• Description of the task: Beginning with the line containing "Total number of" and ending at the last line of the data, set down every line exactly, leaving out all pictures.

• Provided data:
--- START ---
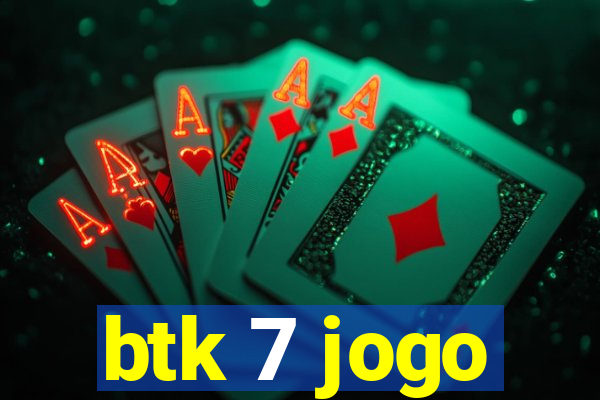 btk 7 jogo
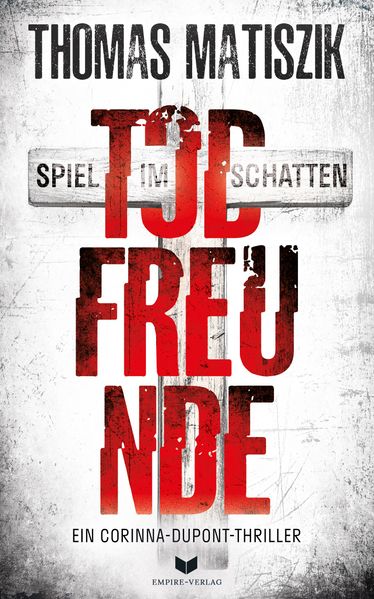 Cover von Todfreunde – Spiel im Schatten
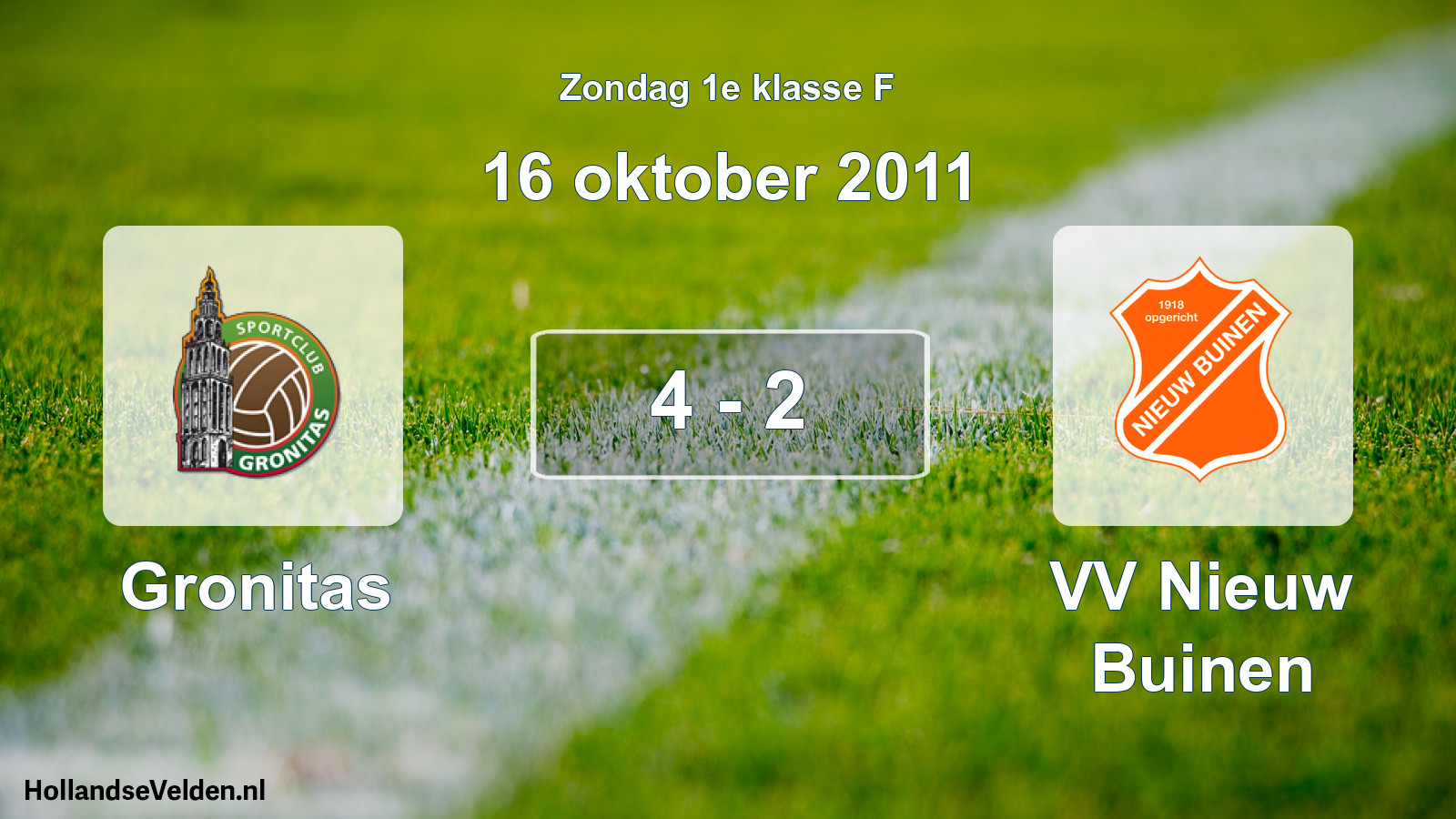Total number of matches played: Gronitas - VV Nieuw Buinen 4 - 2 (16 October 2011)
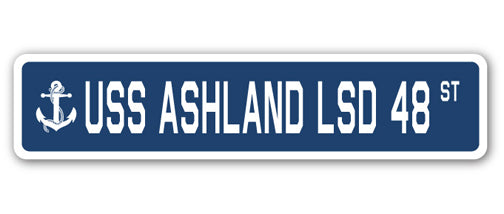 USS ASHLAND LSD 48 Street Sign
--- END ---
• Task response:
Total number of matches played: Gronitas - VV Nieuw Buinen 4 - 2 (16 October 2011)
 USS ASHLAND LSD 48 Street Sign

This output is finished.